(Short text fragments from websites)
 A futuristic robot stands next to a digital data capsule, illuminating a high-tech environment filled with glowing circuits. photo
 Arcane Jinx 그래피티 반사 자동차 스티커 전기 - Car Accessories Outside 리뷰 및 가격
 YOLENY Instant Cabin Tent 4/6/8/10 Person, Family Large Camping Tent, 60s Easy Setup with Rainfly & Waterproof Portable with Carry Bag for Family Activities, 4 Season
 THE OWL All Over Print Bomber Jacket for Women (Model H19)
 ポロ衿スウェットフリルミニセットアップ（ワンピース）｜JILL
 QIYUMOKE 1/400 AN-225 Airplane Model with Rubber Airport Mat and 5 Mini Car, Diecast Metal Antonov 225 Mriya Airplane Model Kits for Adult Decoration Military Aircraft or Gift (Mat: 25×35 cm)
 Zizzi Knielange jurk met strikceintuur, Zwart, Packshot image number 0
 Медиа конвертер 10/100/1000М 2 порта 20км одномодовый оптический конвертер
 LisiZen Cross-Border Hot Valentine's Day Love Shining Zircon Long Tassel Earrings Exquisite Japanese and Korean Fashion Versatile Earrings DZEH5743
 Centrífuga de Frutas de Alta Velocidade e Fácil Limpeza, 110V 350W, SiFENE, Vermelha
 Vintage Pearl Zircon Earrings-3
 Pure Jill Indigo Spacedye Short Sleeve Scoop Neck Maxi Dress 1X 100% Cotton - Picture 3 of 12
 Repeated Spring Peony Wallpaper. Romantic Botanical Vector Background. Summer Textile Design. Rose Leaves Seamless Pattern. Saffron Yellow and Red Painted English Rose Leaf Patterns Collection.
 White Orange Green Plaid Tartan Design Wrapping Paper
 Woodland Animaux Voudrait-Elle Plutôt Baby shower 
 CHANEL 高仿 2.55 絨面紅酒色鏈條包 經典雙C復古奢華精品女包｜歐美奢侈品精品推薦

(Task prompt): Only the lines from the one with "Vintage Pearl Zircon Earrings-3" through the end of the records above are to be copied, exactly as written.

(Answer box):
 Vintage Pearl Zircon Earrings-3
 Pure Jill Indigo Spacedye Short Sleeve Scoop Neck Maxi Dress 1X 100% Cotton - Picture 3 of 12
 Repeated Spring Peony Wallpaper. Romantic Botanical Vector Background. Summer Textile Design. Rose Leaves Seamless Pattern. Saffron Yellow and Red Painted English Rose Leaf Patterns Collection.
 White Orange Green Plaid Tartan Design Wrapping Paper
 Woodland Animaux Voudrait-Elle Plutôt Baby shower 
 CHANEL 高仿 2.55 絨面紅酒色鏈條包 經典雙C復古奢華精品女包｜歐美奢侈品精品推薦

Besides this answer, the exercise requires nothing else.